R.E.M.’s new single, “Imitation of Life,” is the biggest hit you won’t hear on the radio this summer. The track is reminiscent of the band’s commercial peak in the early ’90s, with a sing-along chorus, neon keyboards, and a melodic structure similar to songs on 1992’s Automatic for the People. Unfortunately, the track might not be enough to revive a band that, after 20 years, has managed to sink itself back into relative obscurity.
After Out of Time, their mainstream breakthrough, and the sorely underrated Monster, R.E.M. released the brilliant yet largely ignored New Adventures in Hi-Fi and the lethargic Up, an album that rarely rocked enough to induce humming. But the band’s new album, Reveal, is laden with the kinds of songs you’ll want to sing along to upon first listen. Many of the tracks find Michael Stipe displaying what seems to be a renewed sense of melody. Tracks like the fervent “She Just Wants to Be” give the band a fully fleshed-out sound for the first time in years.

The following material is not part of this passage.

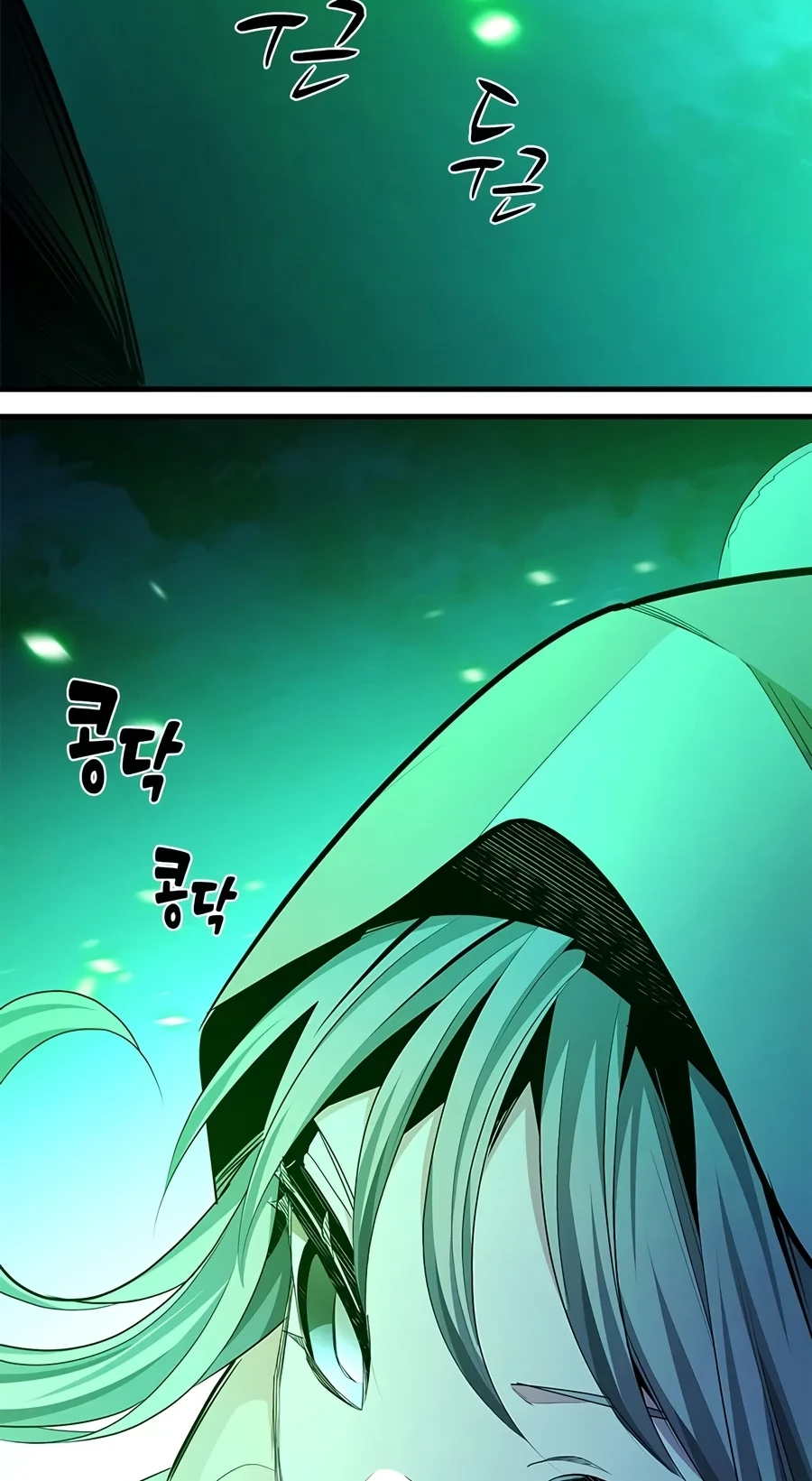 Read The Tutorial Is Too Tough! chapter 289 image 97 on Lezhin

Like Up, considered a commercial disappointment, Reveal is drizzled with electronica-lite, only this time the effects are less abstract. The gorgeous and solemn “I’ve Been High” features lone guitar chords injected with a flurry of cybernetic bleeps, with Stipe singing “I’ve forgotten how this feels” as if he’s just recently recalled the magic of songwriting. “The Lifting” is intensely meditative, its introspection set to a subtle electronic backdrop: “You have watched, on repeat/The story of your life/Across the ceiling.”
Elsewhere, however, Stipe’s lyrics fail to rise above mediocrity. “I’ll Take the Rain” uses its title, for example, as a metaphor for being a door mat in a dysfunctional relationship. And like Up, Reveal generally plods along languidly. “Saturn Return” features a Björkian symphony of drum machines and electronic minimalism, but the track is ultimately anti-climactic, bubbling its way up the side of the pot yet never coming to a boil. Songs like the Beatles-esque “Summer Turns to High,” which is chock-full of childhood nostalgia, reveal an album that is, despite electronic elements, more vintage than anything else.